EXTRACTED RECORDS:

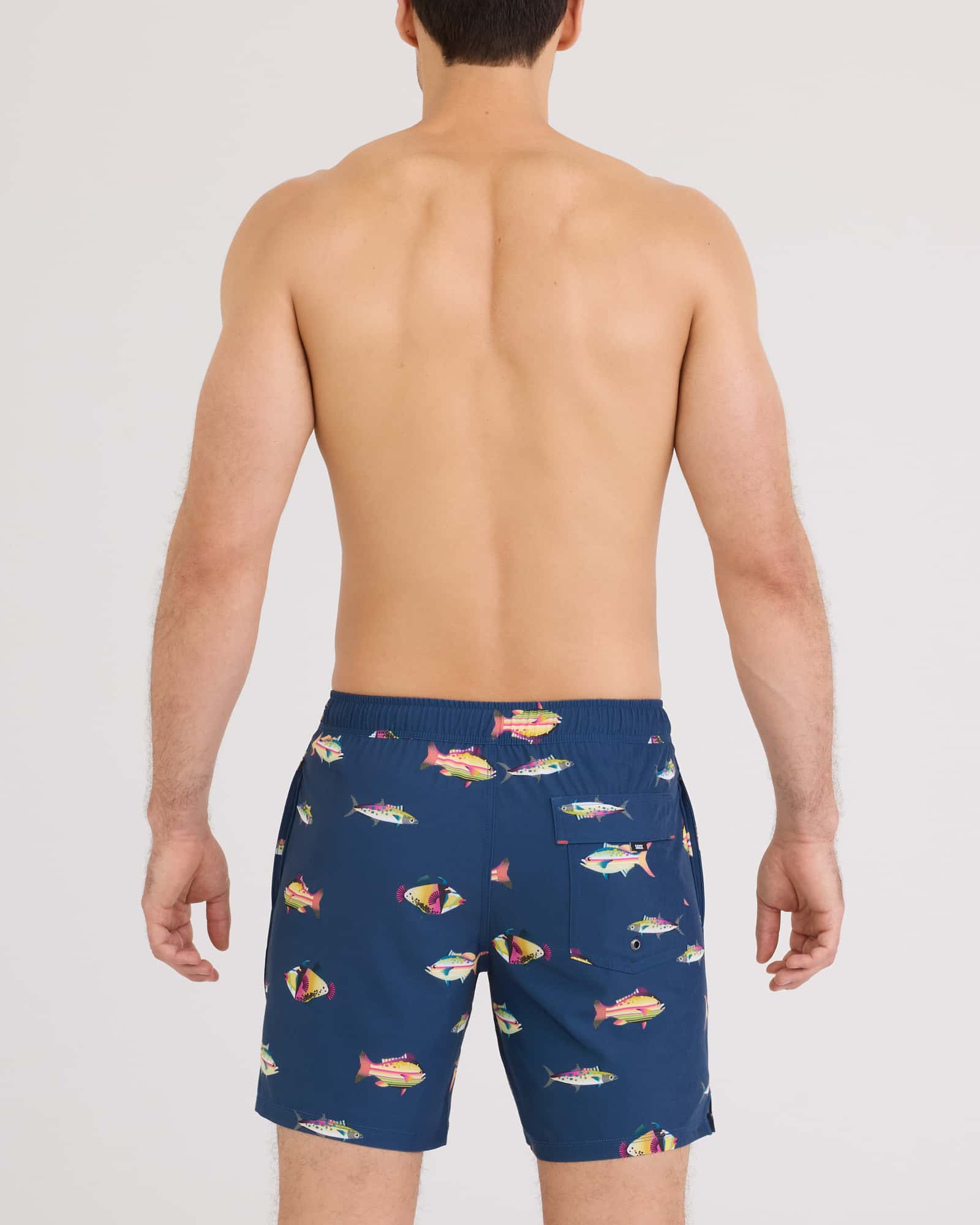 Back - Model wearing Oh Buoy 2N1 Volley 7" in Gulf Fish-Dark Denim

---

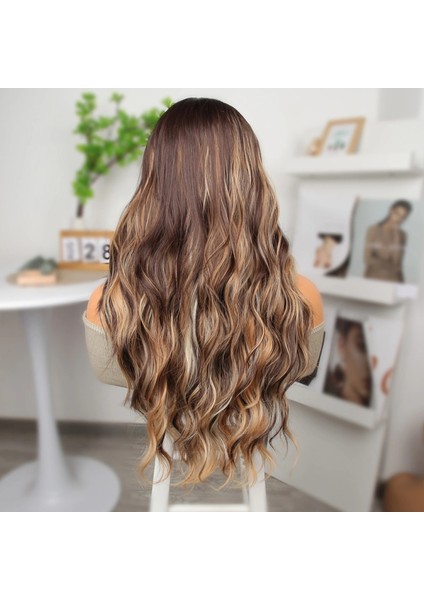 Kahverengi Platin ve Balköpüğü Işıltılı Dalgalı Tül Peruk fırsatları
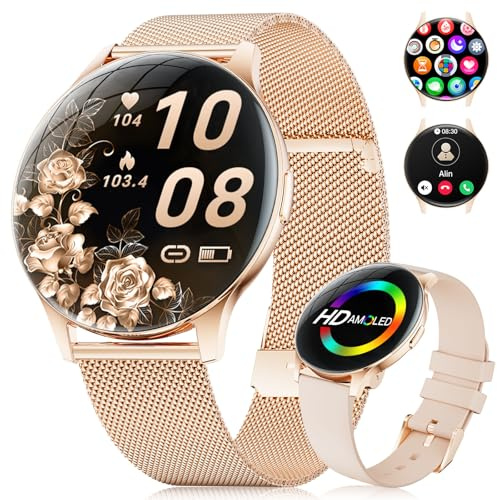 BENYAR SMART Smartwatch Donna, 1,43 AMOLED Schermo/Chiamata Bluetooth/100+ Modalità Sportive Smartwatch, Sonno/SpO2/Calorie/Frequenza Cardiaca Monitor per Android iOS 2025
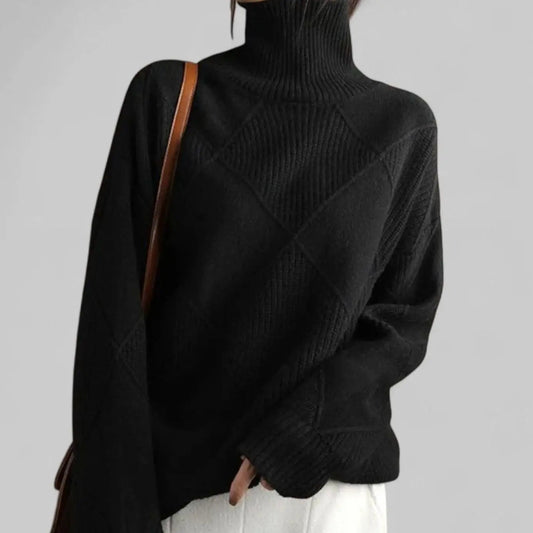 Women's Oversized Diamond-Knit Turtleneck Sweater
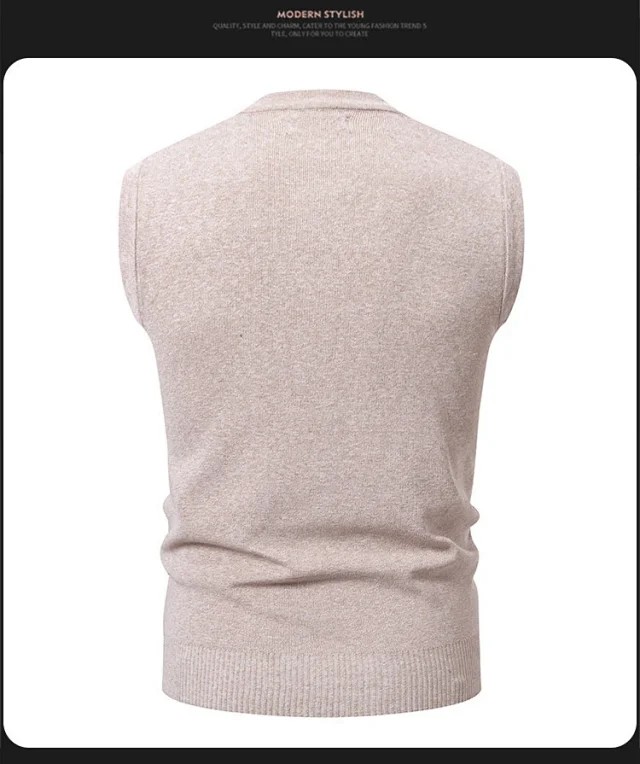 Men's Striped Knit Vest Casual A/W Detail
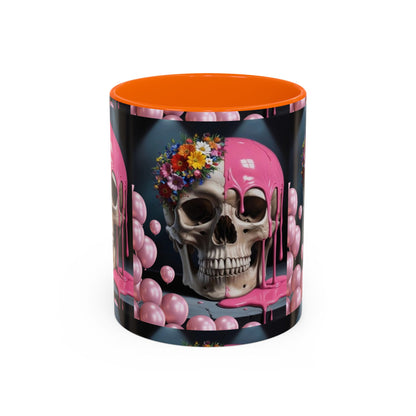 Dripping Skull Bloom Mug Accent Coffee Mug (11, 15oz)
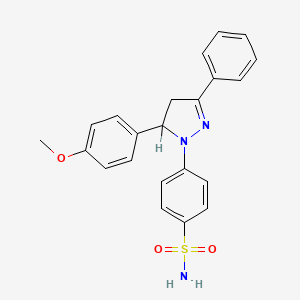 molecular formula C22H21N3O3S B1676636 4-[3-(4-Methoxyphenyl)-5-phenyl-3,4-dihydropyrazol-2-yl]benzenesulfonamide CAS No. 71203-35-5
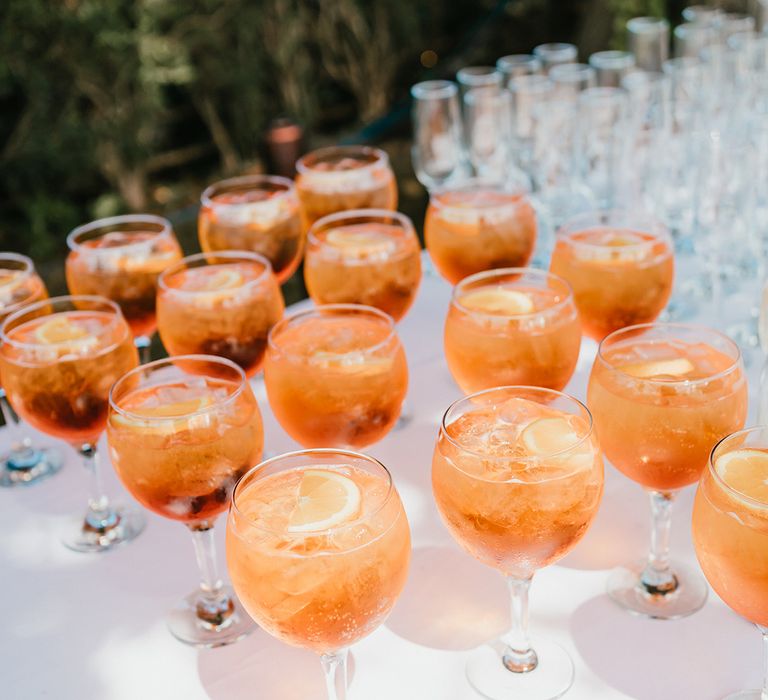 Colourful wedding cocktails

WHAT THE TASK ASKS: Retype only the lines above from the one with "BENYAR SMART Smartwatch" through the one with "molecular formula C22H21N3O3S", exactly and with both ends. Images stay out.

RESPONSE TO THIS TASK:
 BENYAR SMART Smartwatch Donna, 1,43 AMOLED Schermo/Chiamata Bluetooth/100+ Modalità Sportive Smartwatch, Sonno/SpO2/Calorie/Frequenza Cardiaca Monitor per Android iOS 2025
 Women's Oversized Diamond-Knit Turtleneck Sweater
 Men's Striped Knit Vest Casual A/W Detail
 Dripping Skull Bloom Mug Accent Coffee Mug (11, 15oz)
 molecular formula C22H21N3O3S B1676636 4-[3-(4-Methoxyphenyl)-5-phenyl-3,4-dihydropyrazol-2-yl]benzenesulfonamide CAS No. 71203-35-5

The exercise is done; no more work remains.